Spirit monsters or Treeborn Frog can blast clean through all four of the Dragon’s negations, but while Treeborn is easy to side into many decks, the Spirit monsters seem sub-par in the average metagame nowadays. The most common recruiters—Pyramid Turtle and Giant Rat—lead into monsters that Asura Priest can’t take out. Susa Soldier isn’t big enough and never has been, Inaba White Rabbit is fun but would need some serious support, and Maharaghi, arguably one of the strongest options, is deathly slow in faster matchups. Otohime may have a chance, providing faster decks with gateways to the opponent’s life points, but there are better ways to generate repeated effects for free.
Namely, the Six Samurai. While the Samurais’ consistency continues to be a hotly-debated issue, you can’t really argue with the ton of free effects they bring to the table. The Six Samurai - Yaichi, The Six Samurai - Kamon, and especially Enishi, Shien’s Chancellor are all adept at giving you something for nothing, and that makes them an important set of options facing down Light and Darkness Dragon. Watch for them to crop up this weekend in the Samurai/LADD matchup.
Remove-from-Play Effects
Moving on to Light and Darkness Dragon’s third effect, the use of remove-from-play conditions obviously trumps the Dragon’s special summoning. If it can’t go to the graveyard when it’s destroyed, it can’t get that effect. Decks like Macro Cosmos/Dimensional Fissure could do very well, while duelists siding into three copies of Dimensional Fissure and three D.D. Survivor cards may find that their metagame call was a good one. Beyond that, Banisher of the Radiance can turn any piece of chained removal into an instant answer to all your Dragon troubles: another easy choice for Gadgets. Even Karma Cut could make a decent choice, since it’s easily chained to the Dragon’s negation.

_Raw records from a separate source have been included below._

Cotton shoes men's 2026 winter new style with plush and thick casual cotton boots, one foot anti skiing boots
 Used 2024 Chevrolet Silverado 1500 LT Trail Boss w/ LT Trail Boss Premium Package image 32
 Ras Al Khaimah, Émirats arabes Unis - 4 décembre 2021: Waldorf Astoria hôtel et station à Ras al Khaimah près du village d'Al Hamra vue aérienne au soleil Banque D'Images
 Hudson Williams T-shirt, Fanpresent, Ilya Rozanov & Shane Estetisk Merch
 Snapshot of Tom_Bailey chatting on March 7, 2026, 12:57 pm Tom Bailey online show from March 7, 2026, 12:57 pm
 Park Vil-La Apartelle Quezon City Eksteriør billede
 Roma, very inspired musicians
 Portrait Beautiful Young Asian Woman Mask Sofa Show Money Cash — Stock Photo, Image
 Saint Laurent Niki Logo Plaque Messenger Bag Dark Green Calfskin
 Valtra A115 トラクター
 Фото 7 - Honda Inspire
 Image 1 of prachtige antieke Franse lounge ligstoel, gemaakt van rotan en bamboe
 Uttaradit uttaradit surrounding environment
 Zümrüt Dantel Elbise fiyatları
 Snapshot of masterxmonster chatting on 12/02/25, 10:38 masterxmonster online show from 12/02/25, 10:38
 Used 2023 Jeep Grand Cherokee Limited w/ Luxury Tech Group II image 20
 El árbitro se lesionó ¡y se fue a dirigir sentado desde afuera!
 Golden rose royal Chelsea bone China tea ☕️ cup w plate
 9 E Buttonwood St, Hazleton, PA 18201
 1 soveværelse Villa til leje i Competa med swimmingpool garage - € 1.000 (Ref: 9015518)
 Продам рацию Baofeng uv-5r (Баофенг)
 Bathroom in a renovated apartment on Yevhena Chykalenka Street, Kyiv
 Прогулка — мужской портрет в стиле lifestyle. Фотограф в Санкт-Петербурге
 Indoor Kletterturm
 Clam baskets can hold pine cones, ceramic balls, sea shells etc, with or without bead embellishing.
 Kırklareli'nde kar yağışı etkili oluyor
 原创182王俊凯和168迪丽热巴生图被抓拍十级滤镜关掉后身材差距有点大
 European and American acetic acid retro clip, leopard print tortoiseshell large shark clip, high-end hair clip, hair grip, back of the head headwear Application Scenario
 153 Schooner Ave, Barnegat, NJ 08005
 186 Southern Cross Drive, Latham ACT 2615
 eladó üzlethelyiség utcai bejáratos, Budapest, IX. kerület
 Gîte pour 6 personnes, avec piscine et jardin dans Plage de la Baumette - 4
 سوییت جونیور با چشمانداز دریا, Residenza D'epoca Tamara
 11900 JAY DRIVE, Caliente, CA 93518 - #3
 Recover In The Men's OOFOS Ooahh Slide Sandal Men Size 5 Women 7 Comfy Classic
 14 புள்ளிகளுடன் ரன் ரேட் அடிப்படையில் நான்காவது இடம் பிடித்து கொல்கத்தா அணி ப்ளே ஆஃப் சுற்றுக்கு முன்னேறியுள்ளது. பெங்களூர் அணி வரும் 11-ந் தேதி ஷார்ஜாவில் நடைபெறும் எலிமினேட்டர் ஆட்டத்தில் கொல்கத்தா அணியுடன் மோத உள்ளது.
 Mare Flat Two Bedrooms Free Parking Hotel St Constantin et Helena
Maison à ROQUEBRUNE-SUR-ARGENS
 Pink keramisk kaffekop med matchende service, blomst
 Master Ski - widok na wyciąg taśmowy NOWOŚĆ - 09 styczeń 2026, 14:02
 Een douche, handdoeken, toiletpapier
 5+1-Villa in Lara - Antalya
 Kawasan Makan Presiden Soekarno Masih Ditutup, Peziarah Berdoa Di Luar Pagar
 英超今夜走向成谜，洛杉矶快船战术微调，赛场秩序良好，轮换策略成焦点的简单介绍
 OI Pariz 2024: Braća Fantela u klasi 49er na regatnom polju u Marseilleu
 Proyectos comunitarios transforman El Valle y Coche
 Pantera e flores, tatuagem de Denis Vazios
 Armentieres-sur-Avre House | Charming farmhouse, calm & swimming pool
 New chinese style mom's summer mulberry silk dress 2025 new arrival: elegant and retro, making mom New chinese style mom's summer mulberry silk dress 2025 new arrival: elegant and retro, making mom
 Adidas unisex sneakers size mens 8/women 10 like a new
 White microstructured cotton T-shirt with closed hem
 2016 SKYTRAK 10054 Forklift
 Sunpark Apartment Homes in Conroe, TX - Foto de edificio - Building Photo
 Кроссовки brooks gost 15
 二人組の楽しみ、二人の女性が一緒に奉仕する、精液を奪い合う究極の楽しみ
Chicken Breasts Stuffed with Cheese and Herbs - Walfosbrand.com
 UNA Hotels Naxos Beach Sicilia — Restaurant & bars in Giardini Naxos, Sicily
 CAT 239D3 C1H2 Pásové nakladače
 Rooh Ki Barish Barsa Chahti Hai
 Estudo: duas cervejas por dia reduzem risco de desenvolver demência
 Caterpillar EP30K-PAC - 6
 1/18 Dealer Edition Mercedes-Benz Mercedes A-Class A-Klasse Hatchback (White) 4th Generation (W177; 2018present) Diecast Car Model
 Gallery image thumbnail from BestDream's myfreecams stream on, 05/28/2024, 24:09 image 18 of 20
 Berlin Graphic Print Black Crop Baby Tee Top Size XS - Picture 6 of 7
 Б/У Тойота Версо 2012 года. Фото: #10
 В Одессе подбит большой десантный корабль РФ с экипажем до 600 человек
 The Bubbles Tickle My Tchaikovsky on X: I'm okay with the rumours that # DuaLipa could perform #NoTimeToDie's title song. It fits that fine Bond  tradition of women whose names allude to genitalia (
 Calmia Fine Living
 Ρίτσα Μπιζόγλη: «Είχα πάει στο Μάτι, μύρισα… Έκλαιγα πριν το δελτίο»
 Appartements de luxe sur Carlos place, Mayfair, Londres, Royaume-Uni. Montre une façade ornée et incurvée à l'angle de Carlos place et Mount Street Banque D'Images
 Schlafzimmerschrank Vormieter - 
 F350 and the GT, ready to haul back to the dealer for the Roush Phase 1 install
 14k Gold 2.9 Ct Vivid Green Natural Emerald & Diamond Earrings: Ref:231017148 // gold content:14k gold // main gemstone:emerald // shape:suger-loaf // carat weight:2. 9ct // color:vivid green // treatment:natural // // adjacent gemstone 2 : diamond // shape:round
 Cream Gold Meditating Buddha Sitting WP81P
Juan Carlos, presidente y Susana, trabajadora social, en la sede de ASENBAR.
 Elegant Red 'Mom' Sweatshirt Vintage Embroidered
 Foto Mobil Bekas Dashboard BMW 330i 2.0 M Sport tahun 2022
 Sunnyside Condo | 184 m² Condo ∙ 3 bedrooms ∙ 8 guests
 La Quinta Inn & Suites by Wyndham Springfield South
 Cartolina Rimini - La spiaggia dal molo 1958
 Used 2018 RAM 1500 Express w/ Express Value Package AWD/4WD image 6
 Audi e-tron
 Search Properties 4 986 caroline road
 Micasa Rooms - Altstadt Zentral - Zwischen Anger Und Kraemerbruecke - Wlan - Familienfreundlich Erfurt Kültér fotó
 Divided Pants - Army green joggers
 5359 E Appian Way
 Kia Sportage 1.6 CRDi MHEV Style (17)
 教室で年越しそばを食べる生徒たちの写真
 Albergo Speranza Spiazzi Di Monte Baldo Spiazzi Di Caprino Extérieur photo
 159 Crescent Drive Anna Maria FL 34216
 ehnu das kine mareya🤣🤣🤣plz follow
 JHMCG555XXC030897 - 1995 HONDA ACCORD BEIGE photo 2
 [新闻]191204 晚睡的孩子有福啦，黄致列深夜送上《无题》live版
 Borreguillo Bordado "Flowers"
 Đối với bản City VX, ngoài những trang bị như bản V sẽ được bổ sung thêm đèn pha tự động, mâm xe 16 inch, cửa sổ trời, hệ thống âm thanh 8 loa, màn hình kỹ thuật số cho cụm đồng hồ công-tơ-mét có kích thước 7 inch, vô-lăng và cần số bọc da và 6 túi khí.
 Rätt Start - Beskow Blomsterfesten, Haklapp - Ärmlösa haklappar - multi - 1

Kycoo the Ghost Destroyer is a potent option as well, protecting your own graveyard from D.D. Crow while removing important monsters your opponent would want to special summon later with Light and Darkness Dragon.
Messing with the Graveyard
Speaking of D.D. Crow, messing with the Light and Darkness Dragon player’s graveyard is another strong strategy for debilitating his or her tribute base and keeping Light and Darkness from its best special summon targets. The Crow provides a simple move that works well in other matchups, but The Transmigration Prophecy really doesn’t get the attention it deserves. Using it as your Chain Link 1 to draw out the Dragon’s negation effect, followed up with something that gets the Dragon off the field, carries a one-two punch that shouldn’t be ignored. You can get rid of the Dragon while also assuring two things. First, that re-summoning it (or summoning another) will be more difficult, since cards like Malicious and Treeborn can get kicked out of the picture. Second, that when the Dragon does come out, it won’t have any desirable special summon targets like Disk Commander or Dark Magician of Chaos.
So there you have it. Is it a complete list of ways to get the best of Light and Darkness Dragon? Far from it. But these are all relatively easy measures you can take as you prepare for the Dragon-dominated environment we’re likely to see, and every trick you know could be one more win added to your record.
One of the most important Shonen Jumps of all time is just two days away. See you on Saturday.